La promesa de peces fuera del agua es un chiste de mal gusto tanto para mi hijo mayor como para Alejandra, mi señora. "Para qué vas a pescar, vas a puro perder el tiempo", es la frase automática tras una solicitud de permiso, orgullo de lado. Aunque el verdadero desafío es otro. Convencer a mis dos hijos mayores, de 9 y 7 años, y luego a los dos más pequeños, de que pescar no es perder el tiempo, que no es aburrido, que es mucho más que sentarse a esperar que un pez tire de la línea. Que pescar, aunque no saques nada, es sentir la naturaleza, mirar las aves lanzarse en picada contra el mar, disfrutar el viento en la cara, el agua congelada entre los pies, el silencio; es volver al origen, a la supervivencia, es traer el alimento a la mesa con tus propias manos. También recordar conversaciones eternas de niño con mi papá, el héroe de las corvinas gigantes, las que hoy ya no existen por razones que no vale la pena detallar.

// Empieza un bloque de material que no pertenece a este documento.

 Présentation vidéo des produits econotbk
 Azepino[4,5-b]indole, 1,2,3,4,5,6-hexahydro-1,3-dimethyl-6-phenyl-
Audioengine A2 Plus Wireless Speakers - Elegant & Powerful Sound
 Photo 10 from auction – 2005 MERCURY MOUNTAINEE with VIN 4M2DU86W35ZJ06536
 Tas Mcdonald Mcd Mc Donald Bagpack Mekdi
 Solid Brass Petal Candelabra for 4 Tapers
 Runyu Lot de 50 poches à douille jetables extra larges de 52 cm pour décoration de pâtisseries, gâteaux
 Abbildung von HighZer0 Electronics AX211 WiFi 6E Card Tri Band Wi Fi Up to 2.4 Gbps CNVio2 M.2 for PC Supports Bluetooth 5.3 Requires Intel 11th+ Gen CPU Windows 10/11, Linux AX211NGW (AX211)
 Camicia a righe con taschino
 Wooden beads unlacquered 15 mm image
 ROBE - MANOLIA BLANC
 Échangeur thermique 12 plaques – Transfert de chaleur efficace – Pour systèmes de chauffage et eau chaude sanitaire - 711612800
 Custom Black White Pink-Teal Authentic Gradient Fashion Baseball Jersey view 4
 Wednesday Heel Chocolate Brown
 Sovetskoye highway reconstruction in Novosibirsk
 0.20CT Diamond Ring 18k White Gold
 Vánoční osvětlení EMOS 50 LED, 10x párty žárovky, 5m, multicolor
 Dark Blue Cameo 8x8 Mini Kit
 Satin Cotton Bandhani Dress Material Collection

En los años 80 no había tablets, celulares ni Youtube, y me convencieron rápido con la pesca. Sí había muchos peces en Cobquecura, comuna con 50 kilómetros de playa en lo que entonces era la Región del Biobío, hoy Región de Ñuble. Veraneábamos entre el 15 de enero y el 10 de marzo, aunque significase entrar una semana después al colegio. Salíamos todas las mañanas y pescábamos muchos lenguados, corvinas de más de ocho kilos, robalos. Las pocas veces que nos iba mal, siempre estaban las corvinillas, como premio de consuelo. También viejas de kilo y medio entre las rocas: yo no quería comerlas por encontrarlas feas. "Son un manjar hechas caldillo", decía mi papá, agregando, para convencerme, que en los restoranes más top de Santiago con ellas hacían platos gourmet.

-¿Y las fotos, papá?

Pedro Pablo se olvida de Minecraft al ver las fotos de Facebook. Dudo si las conservo. Voy a la carpeta Familia. Mientras busco, le cuento otra gloriosa historia de pesca para reforzar el adoctrinamiento. Tenía 14 años y saqué seis corvinas de ocho kilos cada una en promedio, en el pozón de la "piedra del choro", el mismo donde estaría un día después. Mi papá sacó ocho, llenó el refrigerador para alimentar a sus hijos durante febrero y me dijo "vende las tuyas". En el restorán Central de Cobquecura me las compraron a 500 pesos el kilo: 24 mil pesos en un solo día para un adolescente que en 1992 con 100 pesos jugaba una hora en los flippers me hizo automáticamente millonario. Hoy, a precio de supermercado, serían 288 mil pesos.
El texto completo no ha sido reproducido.